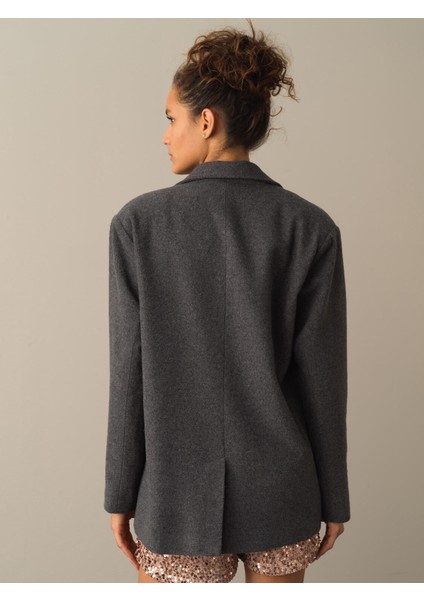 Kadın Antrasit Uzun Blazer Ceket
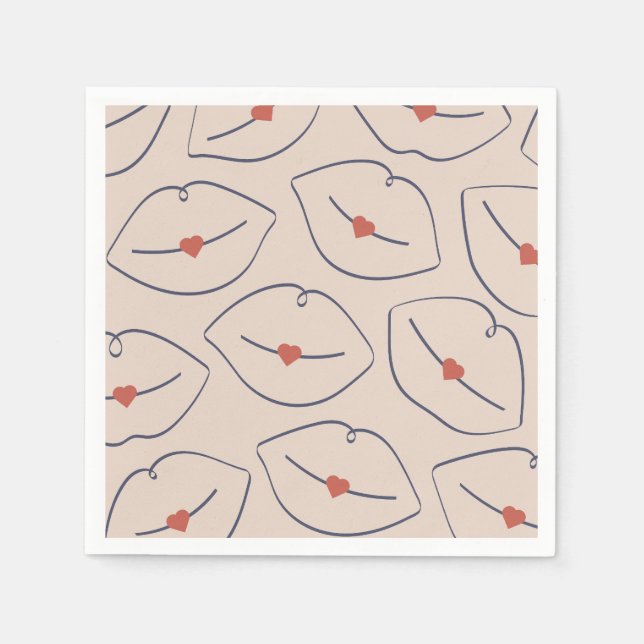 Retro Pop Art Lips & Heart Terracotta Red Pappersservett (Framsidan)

* * *

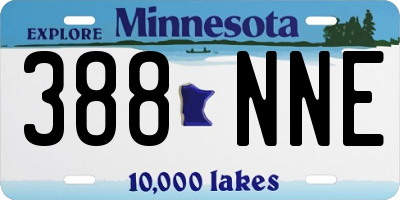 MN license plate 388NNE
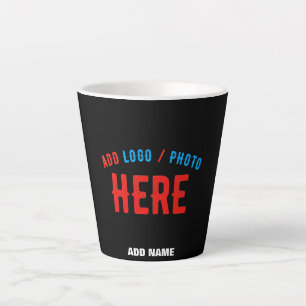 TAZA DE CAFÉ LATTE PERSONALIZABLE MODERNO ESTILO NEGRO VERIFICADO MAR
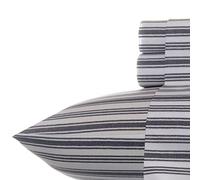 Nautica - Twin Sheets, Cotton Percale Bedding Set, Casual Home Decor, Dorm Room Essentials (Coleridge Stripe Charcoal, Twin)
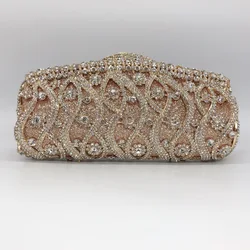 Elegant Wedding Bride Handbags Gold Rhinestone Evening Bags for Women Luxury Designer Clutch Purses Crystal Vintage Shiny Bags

* * *

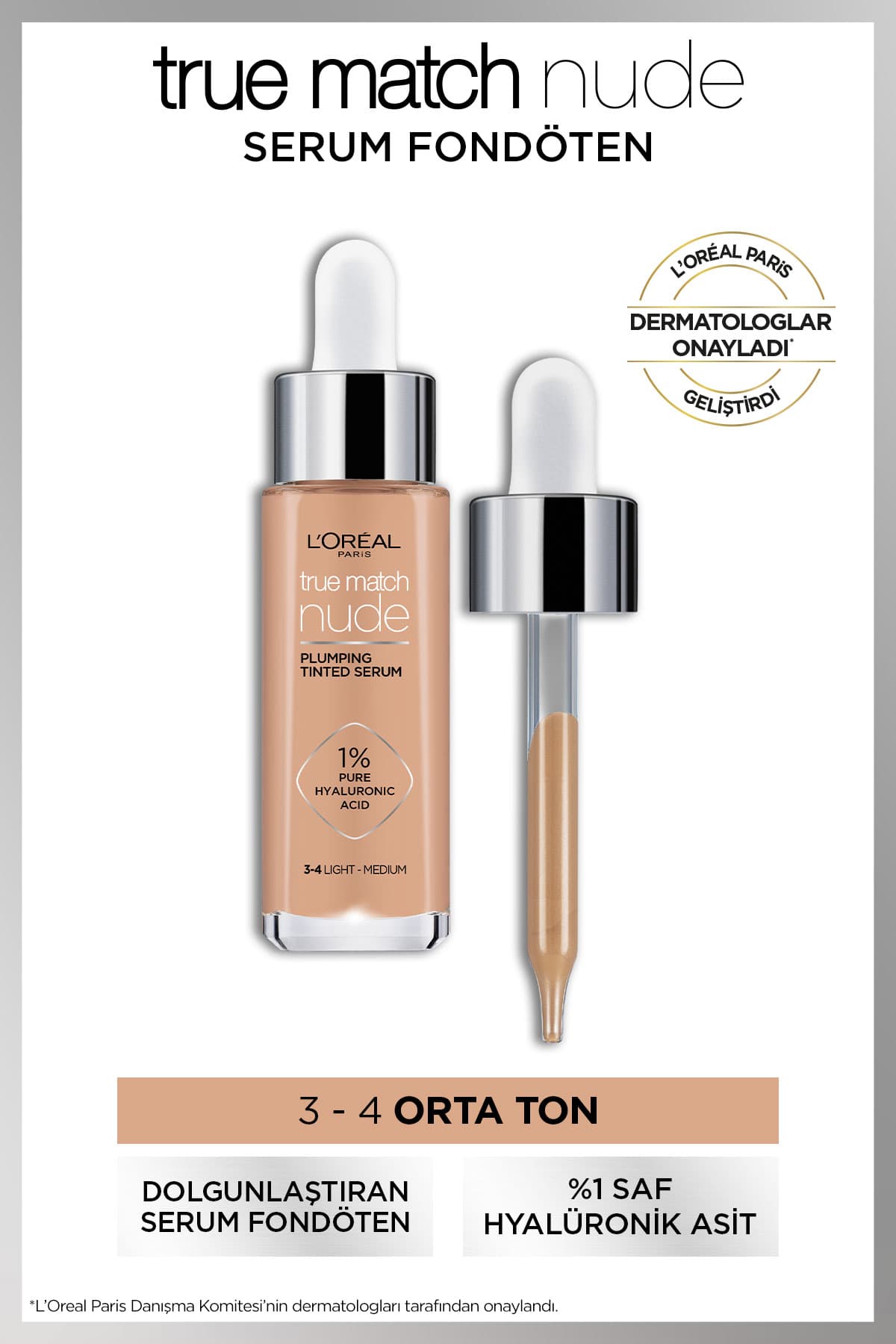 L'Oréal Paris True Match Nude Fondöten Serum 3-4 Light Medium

## PROBLEM TO WORK ON
The data above holds the lines to copy: start at the one with "TAZA DE CAFÉ", stop at the one with "Elegant Wedding Bride", include both, copy them exactly without pictures, and copy nothing else.

## RESPONSE TO THE TASK
 TAZA DE CAFÉ LATTE PERSONALIZABLE MODERNO ESTILO NEGRO VERIFICADO MAR
 Nautica - Twin Sheets, Cotton Percale Bedding Set, Casual Home Decor, Dorm Room Essentials (Coleridge Stripe Charcoal, Twin)
 Elegant Wedding Bride Handbags Gold Rhinestone Evening Bags for Women Luxury Designer Clutch Purses Crystal Vintage Shiny Bags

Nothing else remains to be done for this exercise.